The Senate Finance Committee has launched an investigation into Russian spy Maria Butina's conversations with U.S. officials — and the conservative think tank that set the meetings up.
NPR reported Friday that the Senate Finance Committee Chairman Chuck Grassley (R-IA) and Ranking Member Ron Wyden (D-OR) sent letters to the Treasury Department and Federal Reserve for information about meetings Butina had with officials from those departments.
In 2015, the report noted, Butina and her alleged Russian government handler Alexander Torshin met with then-Federal Reserve Vice Chairman Stanley Fischer and the Treasury Department Undersecretary for International Affairs.
The committee also sent a letter to Dimitri Simes, the CEO of the Center for the National Interest group that arranged the admitted Russian spy's meetings with the American government officials.
Freedom of Information Act requests submitted by NPR revealed that Paul Saunders, who was in 2015 the executive director of the think tank founded by Richard Nixon and honorarily directed by Henry Kissinger, emailed the Federal Reserve to orchestrate the meetings.
"I am writing to request an appointment for Mr. Alexander Torshin," Saunders wrote in the March 2015 email. "Mr. Torshin is in the United States on a private visit... he would like to discuss U.S.-Russia relations and international economic issues and can also share his perspective on Russia's financial situation and its impact on Russian politics."
NPR also learned in its FOIA request that Butina and Torshin's "meetings with senior officials were an offshoot of their primary trip purpose: to attend the yearly NRA conference."
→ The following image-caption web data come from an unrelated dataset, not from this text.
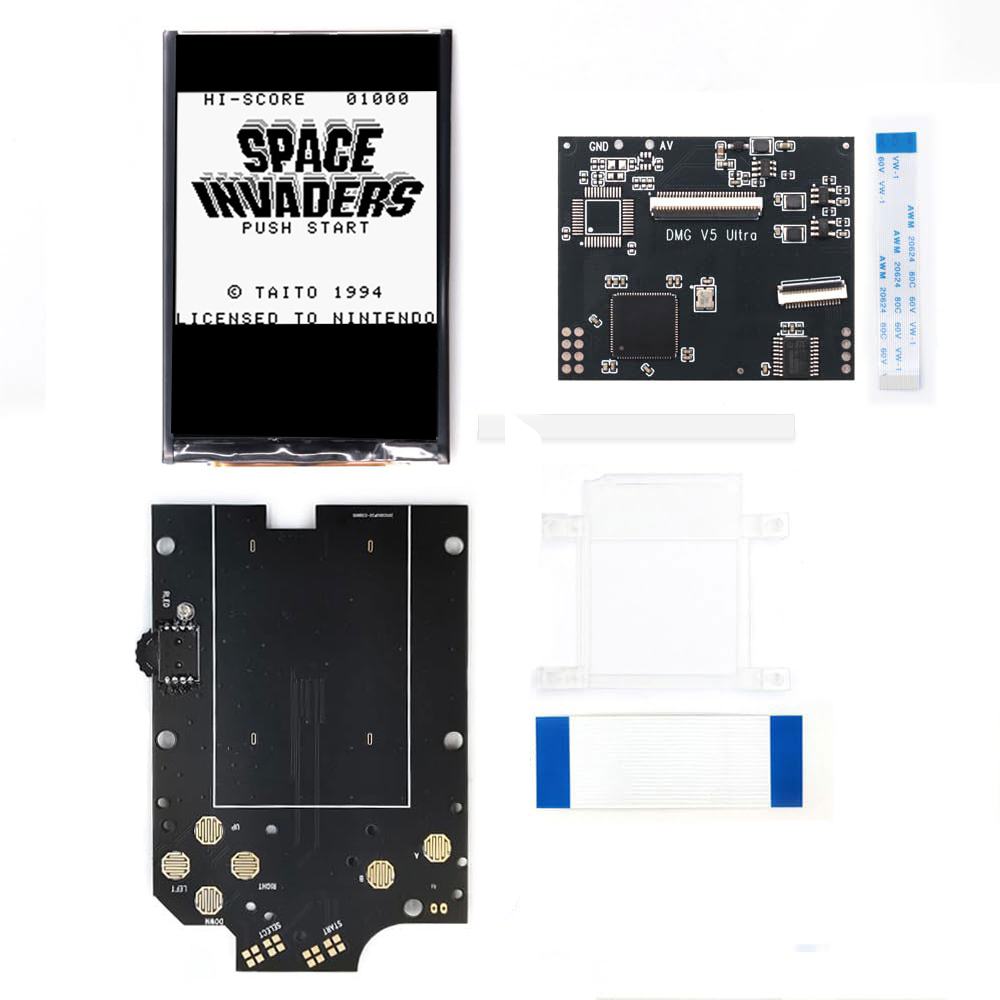 Game Boy DMG V5 Ultra IPS LCD Backlight Kit with OSD - Hispeedido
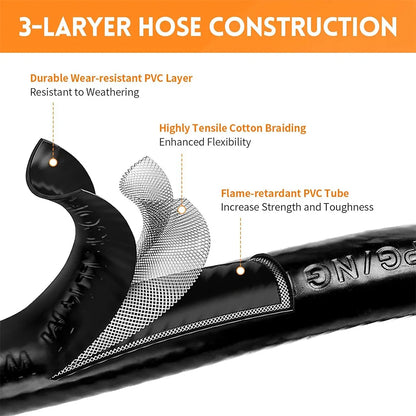 6FT Propane Hose Propane Adapter Hose Converter Propane Tank Hose Suitable for BBQ Grills Blackstone Griddles Coleman Stoves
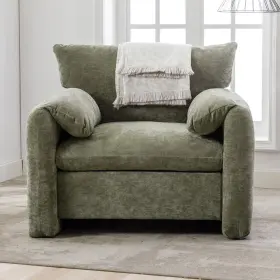 Miscoos 976628625205 Chenille Oversized Armchair - Modern Accent Chair And Single Sofa Loung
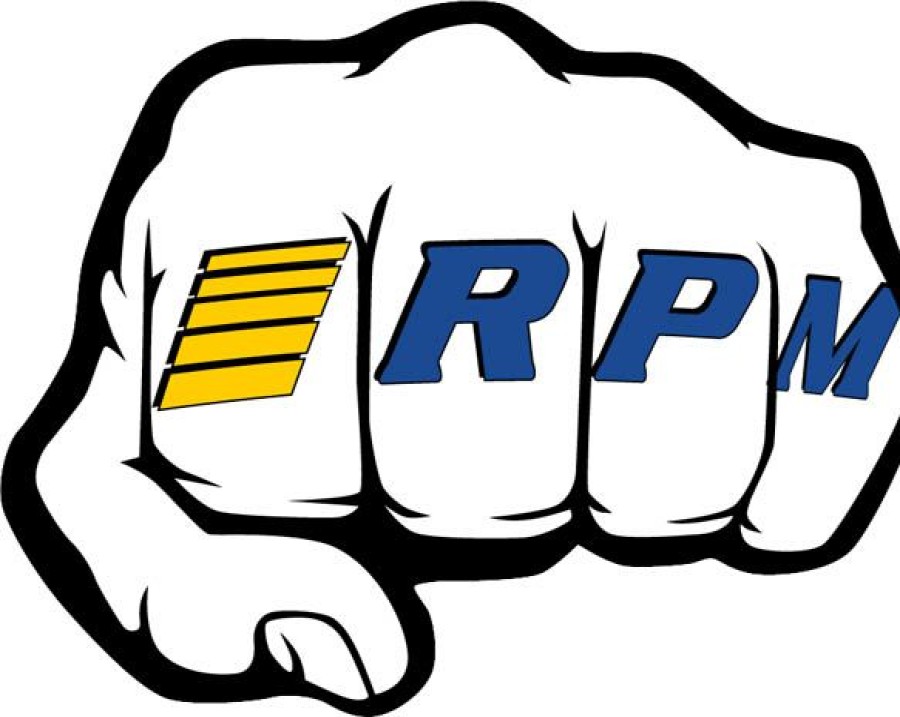 Parts And Accessories * | Rpm "Fist" Logo Decal Sheets Rpm70020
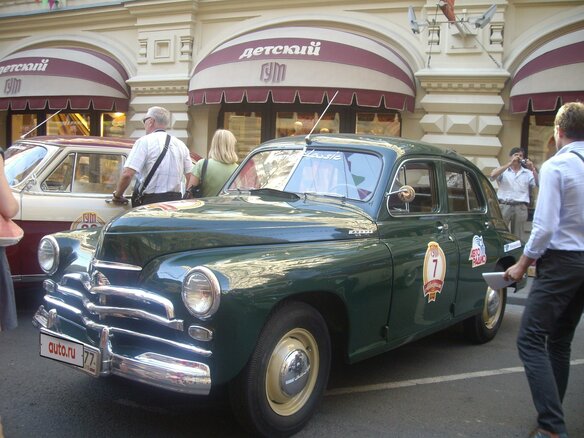 1955 ГАЗ М-20 «Победа», зелёный, 4195000 рублей - вид 4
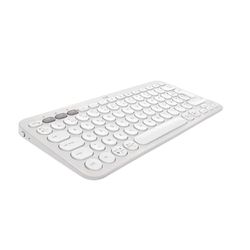 Logitech Pebble Keys 2 K380s clavier sans fil Bluetooth multidispositif, raccourcis personnalisables, fin et portable, Easy-Switch pour Windows, macOS, iPadOS, Android, ChromeOS, FR AZERTY, Blanc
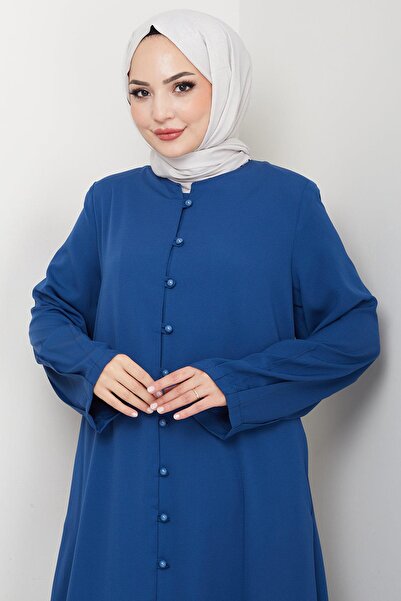 hafsamina Φεράς με λαβή και κουμπί Indigo HM2861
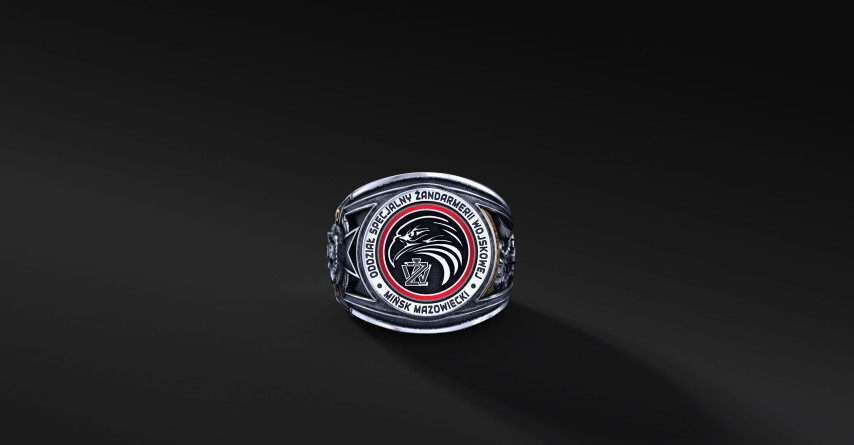 Pierścień Oddziału Specjalnego Żandarmerii Wojskowej Mińsk Mazowiecki | Enigma Jubiler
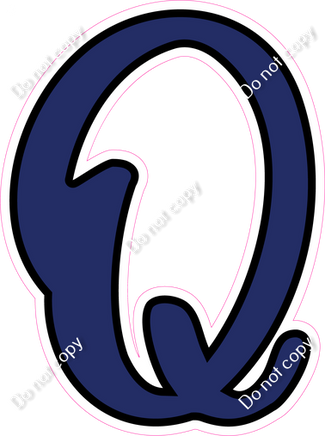 CUL 23.5" Individuals - Flat Navy Blue Q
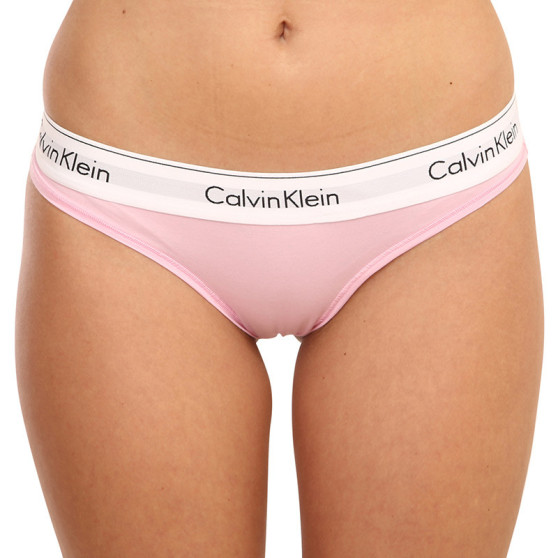 Dámske tangá Calvin Klein ružová (F3786E-TOE)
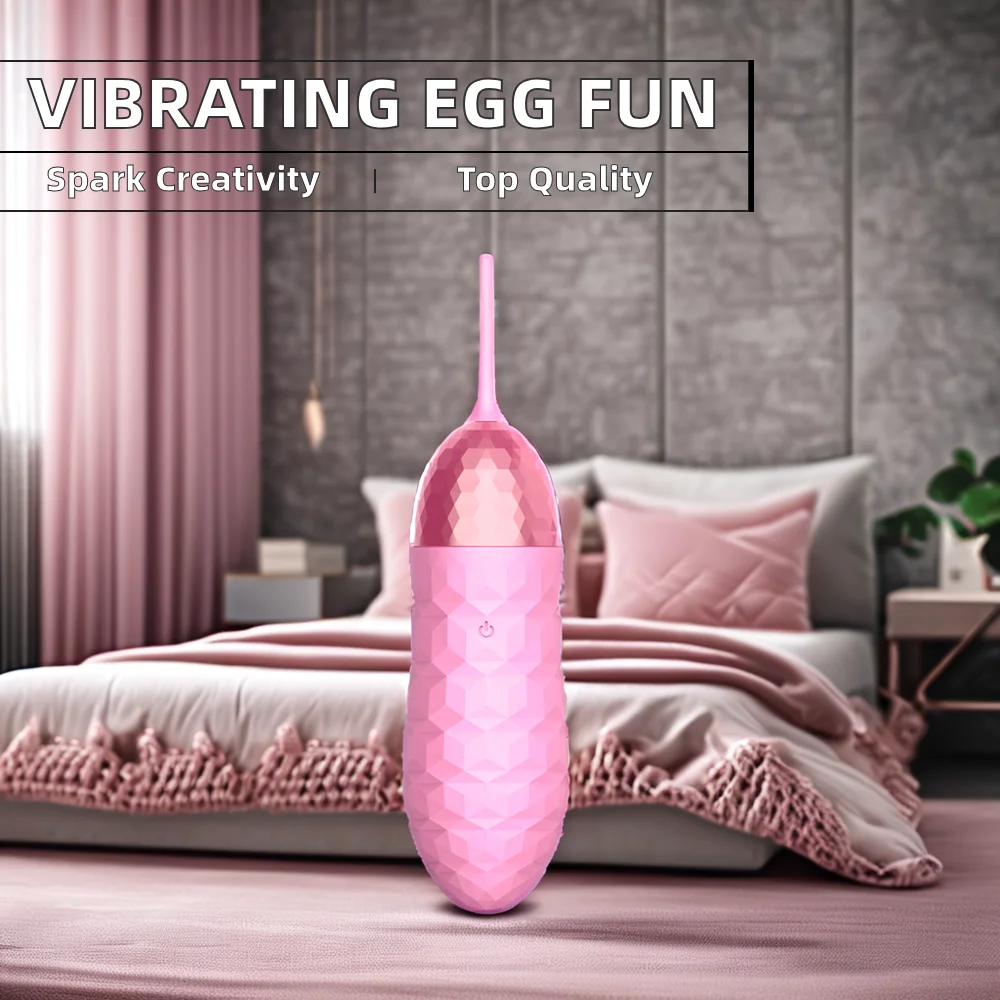 Diamond Flirting Fun Wireless Remote Control Vibrating Egg USB Powered Female Masturbation Device Adult Erotic Sex Products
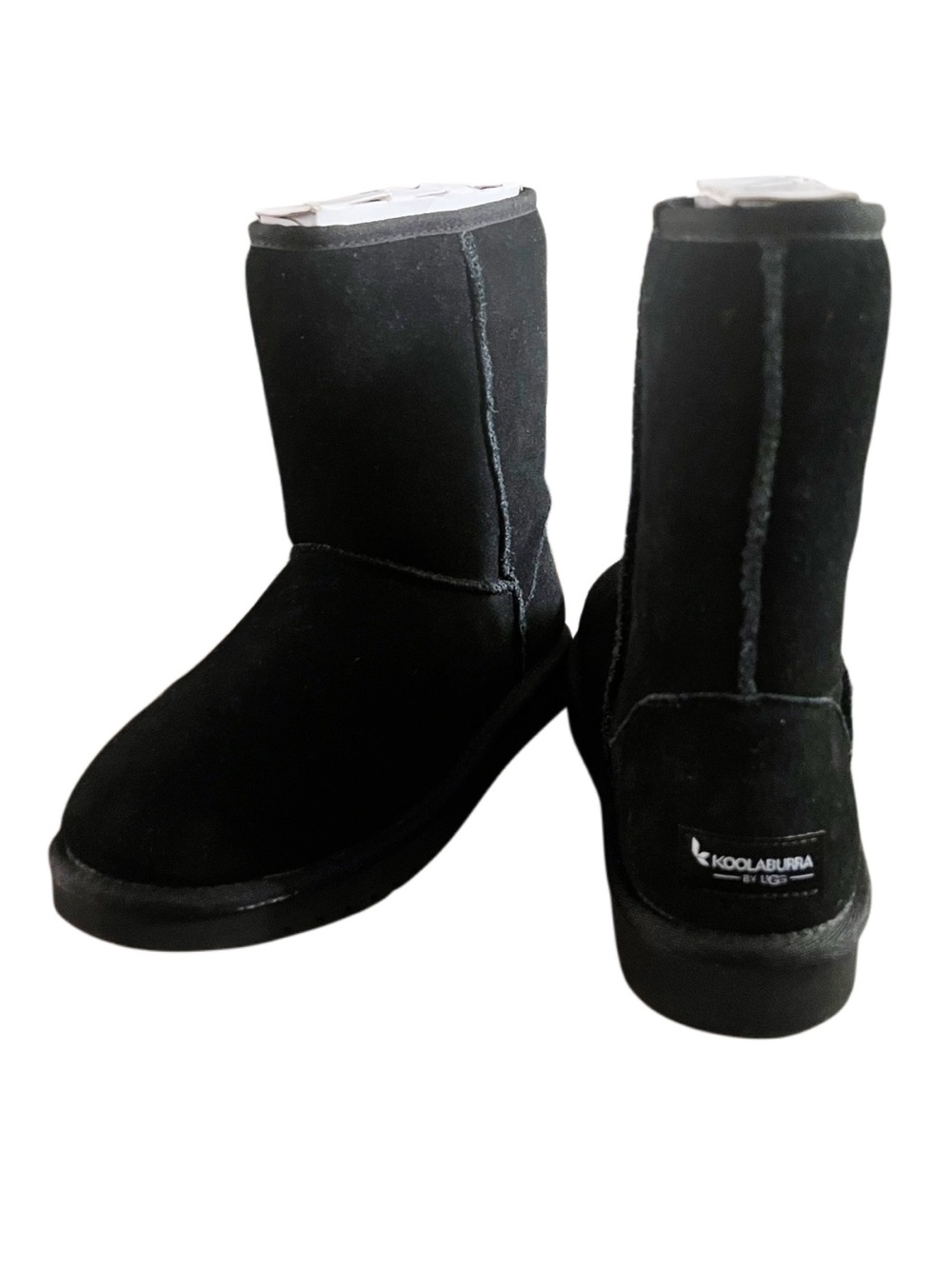 Kookaburra by Uggs Short Black Suede Pull on Boots Sz 8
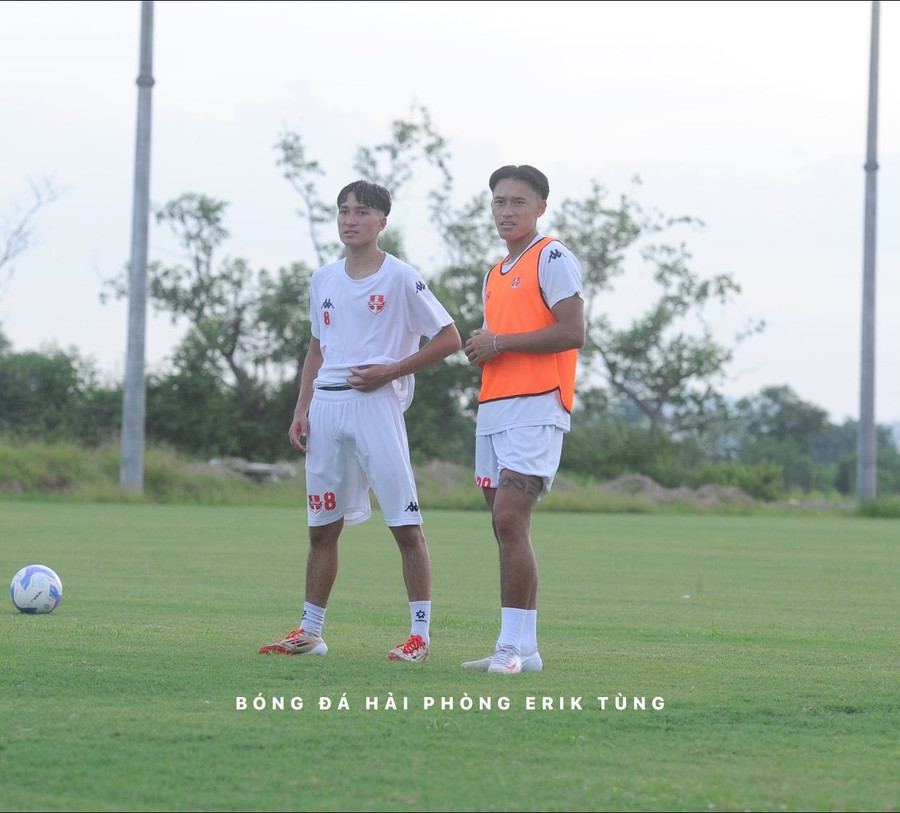 Thomas Mai Veeren thử việc tại CLB Hải Phòng. Ảnh: Bóng đá Hải Phòng Erik Tùng.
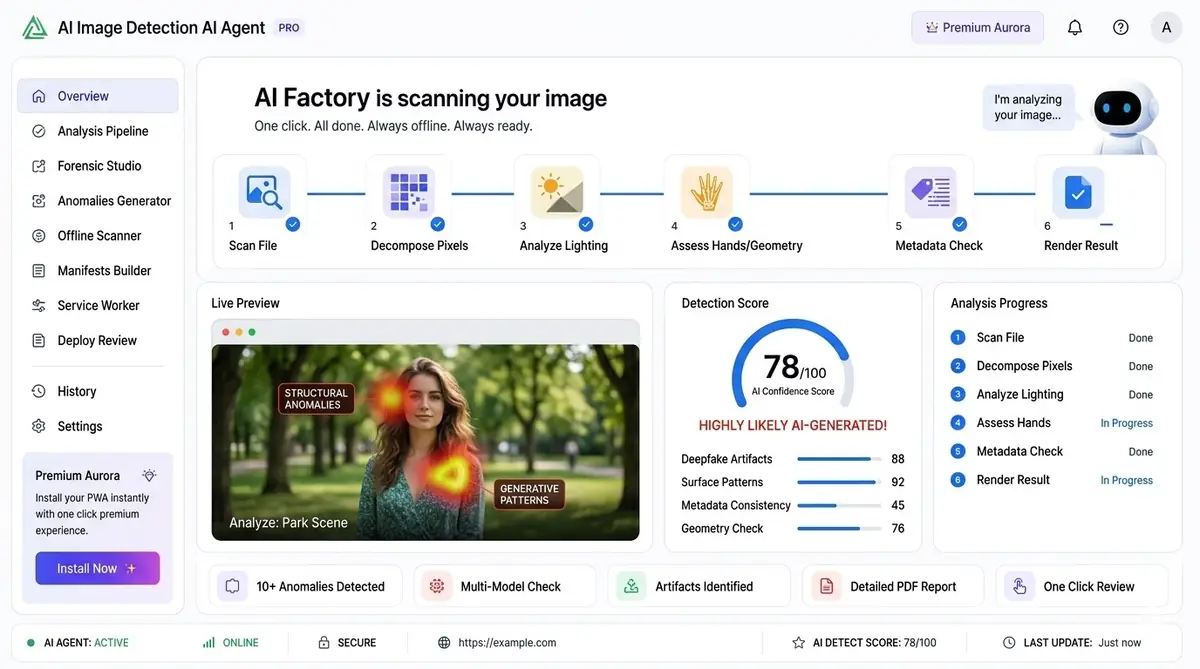 AI running Game Master — example of the AI tool dashboard software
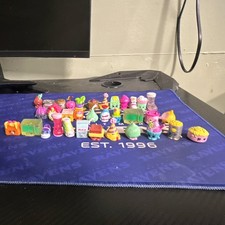 Multicolored Mixed Lot of 34 Miniature Toy Food  Grocery Figures Pretend Play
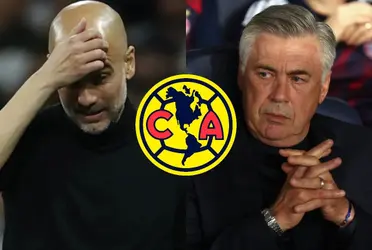 El entrenador Pep Guardiola ninguneó al América, así le respondió Carlo Ancelotti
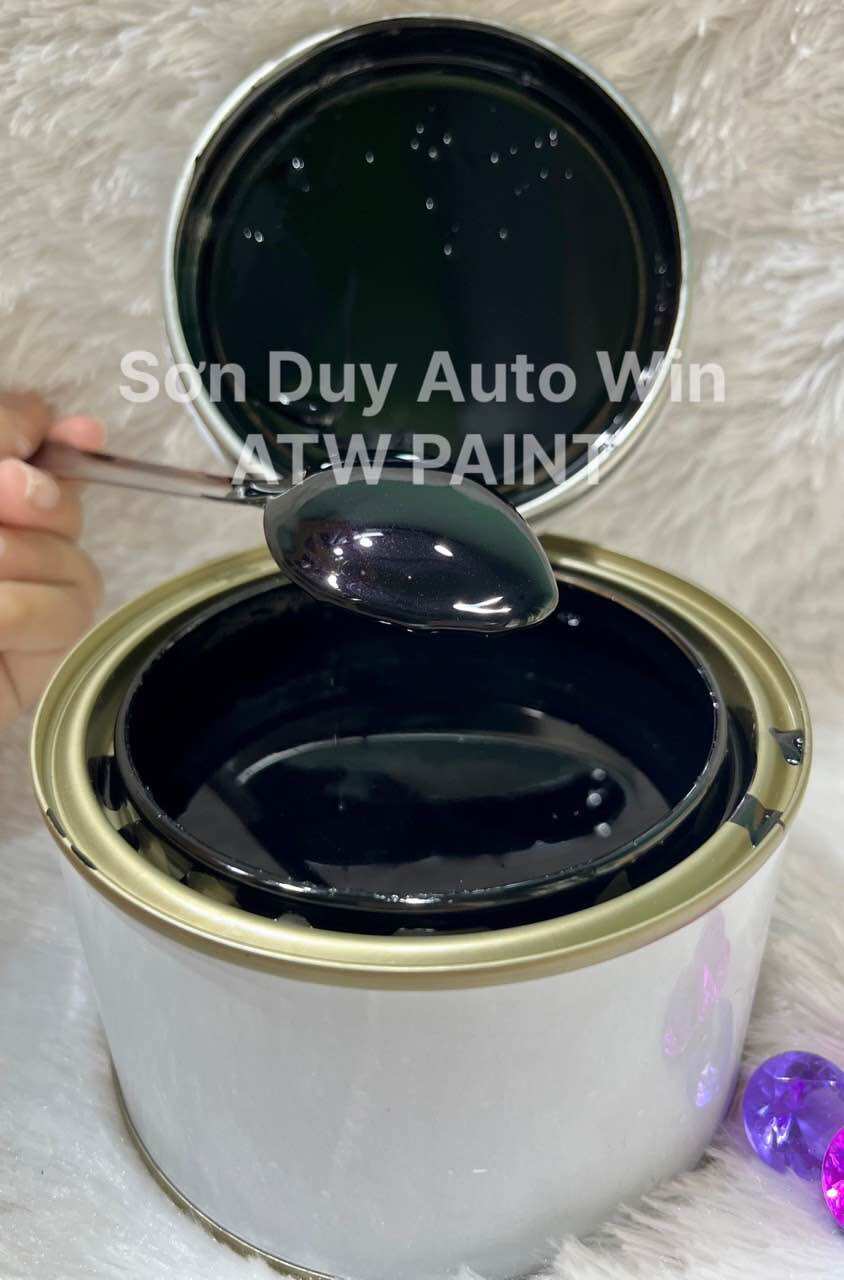 Sơn Đen pha lê tím 2k - Sơn tự bóng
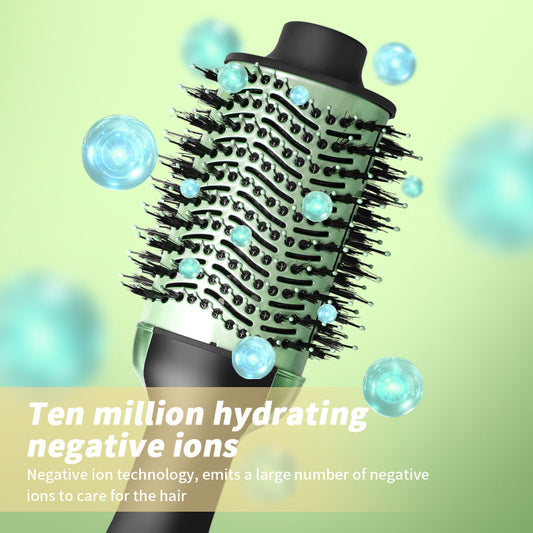 Multi-functional Curling Iron Hot Air Comb Curling Brush Blow-drying Comb Hair Styler Straightening Comb Electric Heating Comb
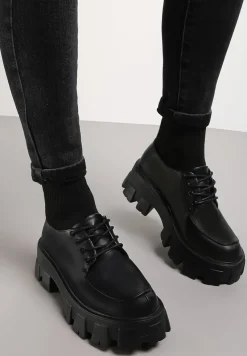 Czarne Półbuty Kephea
In their letters sent on Friday, the Senators also tipped their hand on Congress' multiple investigations into Russia, the report noted.
"A critical issue facing the Committee and the country is the extent to which the Russian government engaged in efforts designed to undermine our political system and governmental policy through obfuscation and manipulation," Grassley and Wyden's joint letter read.